Problem to work on
Your answer must consist of one number: how many lines in the records contain "Picture".

Material supplied

^^^^^^^^

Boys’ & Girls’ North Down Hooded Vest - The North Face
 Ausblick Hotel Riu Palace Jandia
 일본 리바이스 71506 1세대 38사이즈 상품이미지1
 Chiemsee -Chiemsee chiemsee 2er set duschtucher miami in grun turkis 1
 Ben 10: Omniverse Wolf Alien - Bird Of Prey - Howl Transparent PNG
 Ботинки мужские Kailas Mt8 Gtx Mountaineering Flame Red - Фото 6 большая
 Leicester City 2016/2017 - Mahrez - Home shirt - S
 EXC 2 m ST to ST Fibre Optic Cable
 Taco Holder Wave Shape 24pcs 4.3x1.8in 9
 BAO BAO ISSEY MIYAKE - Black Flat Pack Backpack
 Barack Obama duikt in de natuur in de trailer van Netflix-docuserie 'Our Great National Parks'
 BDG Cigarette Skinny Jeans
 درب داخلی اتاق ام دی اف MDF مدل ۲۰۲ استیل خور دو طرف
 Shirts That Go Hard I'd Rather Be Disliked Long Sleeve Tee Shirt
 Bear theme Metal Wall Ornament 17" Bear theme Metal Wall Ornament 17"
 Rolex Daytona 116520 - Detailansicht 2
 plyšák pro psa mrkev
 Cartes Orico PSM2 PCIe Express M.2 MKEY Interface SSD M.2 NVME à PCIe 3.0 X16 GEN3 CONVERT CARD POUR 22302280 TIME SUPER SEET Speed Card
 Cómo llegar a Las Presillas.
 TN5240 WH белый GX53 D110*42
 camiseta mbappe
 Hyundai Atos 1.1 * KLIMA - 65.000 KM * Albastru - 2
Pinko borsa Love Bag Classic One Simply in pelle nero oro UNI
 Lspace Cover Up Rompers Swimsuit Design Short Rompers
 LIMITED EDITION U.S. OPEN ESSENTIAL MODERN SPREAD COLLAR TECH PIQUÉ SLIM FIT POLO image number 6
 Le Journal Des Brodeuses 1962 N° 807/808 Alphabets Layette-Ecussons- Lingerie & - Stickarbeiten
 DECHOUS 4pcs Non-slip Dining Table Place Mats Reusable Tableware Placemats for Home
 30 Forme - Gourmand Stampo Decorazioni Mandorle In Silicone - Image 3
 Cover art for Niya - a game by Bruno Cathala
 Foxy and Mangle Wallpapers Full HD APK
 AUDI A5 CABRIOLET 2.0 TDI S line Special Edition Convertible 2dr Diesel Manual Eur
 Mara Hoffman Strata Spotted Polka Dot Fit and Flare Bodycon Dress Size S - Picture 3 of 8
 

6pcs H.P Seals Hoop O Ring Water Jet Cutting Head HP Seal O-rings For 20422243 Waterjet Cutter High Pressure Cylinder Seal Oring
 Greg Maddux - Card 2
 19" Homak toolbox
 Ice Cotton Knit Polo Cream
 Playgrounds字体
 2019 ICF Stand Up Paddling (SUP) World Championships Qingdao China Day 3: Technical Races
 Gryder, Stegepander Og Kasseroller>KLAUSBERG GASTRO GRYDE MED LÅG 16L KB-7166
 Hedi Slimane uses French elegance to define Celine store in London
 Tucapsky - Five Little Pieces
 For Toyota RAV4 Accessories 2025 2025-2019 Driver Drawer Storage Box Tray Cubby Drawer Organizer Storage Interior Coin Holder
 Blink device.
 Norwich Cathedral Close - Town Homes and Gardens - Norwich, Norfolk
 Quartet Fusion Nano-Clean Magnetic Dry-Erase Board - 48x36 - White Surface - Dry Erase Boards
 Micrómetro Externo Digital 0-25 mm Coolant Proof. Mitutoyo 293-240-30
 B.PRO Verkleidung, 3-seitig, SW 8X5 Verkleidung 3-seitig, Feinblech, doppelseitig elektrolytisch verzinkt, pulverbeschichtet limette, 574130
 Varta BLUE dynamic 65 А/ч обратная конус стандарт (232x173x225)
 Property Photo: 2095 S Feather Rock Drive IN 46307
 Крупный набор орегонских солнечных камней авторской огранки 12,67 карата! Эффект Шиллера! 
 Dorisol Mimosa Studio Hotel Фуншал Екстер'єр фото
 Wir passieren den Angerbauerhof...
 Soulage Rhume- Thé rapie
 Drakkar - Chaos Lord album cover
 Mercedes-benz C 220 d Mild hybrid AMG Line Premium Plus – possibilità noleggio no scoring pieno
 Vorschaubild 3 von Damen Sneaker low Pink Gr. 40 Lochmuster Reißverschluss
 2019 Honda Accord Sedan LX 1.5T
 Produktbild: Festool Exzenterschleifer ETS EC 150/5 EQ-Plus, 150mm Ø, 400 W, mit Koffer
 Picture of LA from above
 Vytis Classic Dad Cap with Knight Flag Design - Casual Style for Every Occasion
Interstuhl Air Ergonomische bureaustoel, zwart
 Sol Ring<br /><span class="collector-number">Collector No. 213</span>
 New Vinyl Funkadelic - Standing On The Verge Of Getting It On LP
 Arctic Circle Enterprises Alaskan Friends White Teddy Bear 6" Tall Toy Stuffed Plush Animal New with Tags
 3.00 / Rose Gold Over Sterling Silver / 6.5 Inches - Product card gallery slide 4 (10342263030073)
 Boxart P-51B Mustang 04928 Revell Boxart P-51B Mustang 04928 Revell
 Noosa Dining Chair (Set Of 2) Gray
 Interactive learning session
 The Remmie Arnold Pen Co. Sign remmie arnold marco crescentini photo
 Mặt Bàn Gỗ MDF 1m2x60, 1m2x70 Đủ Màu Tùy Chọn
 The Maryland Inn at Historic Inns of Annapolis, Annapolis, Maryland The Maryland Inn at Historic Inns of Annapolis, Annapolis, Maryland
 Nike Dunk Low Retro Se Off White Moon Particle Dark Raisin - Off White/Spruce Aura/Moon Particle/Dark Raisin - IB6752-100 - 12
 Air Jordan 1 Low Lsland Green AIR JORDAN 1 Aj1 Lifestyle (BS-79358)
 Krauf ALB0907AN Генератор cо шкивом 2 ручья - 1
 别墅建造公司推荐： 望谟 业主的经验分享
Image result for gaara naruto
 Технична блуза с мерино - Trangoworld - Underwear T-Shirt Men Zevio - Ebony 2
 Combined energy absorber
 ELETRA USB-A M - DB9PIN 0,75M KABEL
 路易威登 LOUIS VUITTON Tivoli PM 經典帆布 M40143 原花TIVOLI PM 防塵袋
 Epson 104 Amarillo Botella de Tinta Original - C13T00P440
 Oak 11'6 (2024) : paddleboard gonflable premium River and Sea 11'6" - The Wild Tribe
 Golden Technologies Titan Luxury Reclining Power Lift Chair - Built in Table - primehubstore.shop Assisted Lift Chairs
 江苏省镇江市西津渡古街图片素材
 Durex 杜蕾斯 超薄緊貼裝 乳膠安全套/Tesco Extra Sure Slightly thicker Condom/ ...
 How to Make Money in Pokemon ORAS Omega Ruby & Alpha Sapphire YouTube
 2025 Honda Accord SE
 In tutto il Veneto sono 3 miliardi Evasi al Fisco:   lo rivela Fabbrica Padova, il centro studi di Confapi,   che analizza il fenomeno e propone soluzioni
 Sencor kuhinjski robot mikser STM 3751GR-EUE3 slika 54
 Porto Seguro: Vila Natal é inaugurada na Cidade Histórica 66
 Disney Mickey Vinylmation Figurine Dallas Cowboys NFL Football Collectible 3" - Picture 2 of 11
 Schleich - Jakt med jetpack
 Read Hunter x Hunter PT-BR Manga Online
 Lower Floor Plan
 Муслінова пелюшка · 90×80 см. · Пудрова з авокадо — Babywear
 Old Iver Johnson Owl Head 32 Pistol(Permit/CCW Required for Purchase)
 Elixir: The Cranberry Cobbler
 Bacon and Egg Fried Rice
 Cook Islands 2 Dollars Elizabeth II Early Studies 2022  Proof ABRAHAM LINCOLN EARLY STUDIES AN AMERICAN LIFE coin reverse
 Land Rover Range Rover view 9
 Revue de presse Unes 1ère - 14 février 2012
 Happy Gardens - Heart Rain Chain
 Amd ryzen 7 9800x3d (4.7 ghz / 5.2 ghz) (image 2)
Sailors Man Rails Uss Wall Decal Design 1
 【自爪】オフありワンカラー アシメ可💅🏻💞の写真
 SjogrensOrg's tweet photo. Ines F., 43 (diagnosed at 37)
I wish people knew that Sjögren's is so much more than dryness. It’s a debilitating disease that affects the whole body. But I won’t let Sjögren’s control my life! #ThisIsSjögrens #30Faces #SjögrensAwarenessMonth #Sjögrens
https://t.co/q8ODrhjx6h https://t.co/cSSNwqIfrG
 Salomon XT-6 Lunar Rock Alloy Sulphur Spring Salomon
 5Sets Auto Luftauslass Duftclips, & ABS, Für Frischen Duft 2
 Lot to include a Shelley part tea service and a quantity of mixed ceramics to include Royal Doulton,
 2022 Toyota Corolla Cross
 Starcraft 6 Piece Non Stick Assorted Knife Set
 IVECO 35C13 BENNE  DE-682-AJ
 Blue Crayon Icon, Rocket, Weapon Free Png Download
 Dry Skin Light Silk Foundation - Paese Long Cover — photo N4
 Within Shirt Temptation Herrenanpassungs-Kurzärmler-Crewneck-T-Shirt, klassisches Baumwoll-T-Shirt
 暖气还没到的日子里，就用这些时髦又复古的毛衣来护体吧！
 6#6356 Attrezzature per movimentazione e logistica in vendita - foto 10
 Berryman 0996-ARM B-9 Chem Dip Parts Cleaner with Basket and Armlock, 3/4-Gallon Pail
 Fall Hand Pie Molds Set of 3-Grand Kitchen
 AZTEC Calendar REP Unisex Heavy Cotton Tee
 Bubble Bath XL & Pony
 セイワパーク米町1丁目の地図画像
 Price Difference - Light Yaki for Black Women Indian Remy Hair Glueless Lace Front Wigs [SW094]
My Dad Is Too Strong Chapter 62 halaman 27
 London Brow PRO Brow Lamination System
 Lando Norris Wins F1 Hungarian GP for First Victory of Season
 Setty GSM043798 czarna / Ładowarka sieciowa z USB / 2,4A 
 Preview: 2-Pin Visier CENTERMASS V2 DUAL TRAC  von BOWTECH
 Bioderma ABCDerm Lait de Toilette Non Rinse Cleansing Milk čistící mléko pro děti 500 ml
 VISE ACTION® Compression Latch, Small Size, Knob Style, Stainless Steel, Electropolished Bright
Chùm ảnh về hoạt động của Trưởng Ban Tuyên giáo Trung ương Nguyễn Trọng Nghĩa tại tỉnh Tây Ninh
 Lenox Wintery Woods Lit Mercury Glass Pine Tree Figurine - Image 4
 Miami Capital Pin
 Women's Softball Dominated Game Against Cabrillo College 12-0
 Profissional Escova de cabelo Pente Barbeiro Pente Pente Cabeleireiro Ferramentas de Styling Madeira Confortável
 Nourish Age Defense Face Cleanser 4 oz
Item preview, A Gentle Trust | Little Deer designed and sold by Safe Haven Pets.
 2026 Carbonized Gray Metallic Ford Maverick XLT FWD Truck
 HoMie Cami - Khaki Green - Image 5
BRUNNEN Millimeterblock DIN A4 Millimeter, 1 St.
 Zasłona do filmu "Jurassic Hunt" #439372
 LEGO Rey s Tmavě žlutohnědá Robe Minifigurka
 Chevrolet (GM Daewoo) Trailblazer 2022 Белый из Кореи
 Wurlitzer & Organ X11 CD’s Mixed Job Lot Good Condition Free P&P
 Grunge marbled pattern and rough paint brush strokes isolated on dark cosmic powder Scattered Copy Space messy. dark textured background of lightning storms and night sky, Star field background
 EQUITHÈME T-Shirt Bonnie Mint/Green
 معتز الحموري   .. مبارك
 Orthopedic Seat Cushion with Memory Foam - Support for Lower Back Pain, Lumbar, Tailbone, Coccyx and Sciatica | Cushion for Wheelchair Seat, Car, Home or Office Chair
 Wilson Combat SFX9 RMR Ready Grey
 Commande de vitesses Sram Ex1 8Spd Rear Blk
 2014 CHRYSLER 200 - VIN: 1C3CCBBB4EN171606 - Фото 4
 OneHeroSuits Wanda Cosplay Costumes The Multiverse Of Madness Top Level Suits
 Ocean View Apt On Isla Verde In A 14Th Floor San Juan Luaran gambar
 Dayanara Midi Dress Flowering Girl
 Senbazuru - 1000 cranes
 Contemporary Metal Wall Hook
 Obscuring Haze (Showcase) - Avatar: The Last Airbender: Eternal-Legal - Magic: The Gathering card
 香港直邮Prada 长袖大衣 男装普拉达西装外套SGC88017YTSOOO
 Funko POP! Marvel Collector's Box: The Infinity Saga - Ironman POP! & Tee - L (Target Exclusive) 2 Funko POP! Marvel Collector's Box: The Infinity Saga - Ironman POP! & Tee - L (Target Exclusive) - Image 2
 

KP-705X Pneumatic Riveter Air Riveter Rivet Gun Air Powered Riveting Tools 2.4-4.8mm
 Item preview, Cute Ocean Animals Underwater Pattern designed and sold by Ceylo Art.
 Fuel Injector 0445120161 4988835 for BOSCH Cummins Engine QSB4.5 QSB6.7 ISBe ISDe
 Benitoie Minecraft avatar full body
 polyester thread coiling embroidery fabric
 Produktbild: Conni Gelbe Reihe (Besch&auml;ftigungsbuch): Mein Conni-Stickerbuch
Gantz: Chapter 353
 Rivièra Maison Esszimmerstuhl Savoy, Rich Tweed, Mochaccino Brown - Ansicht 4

^^^^^^^^

Reply to the task
3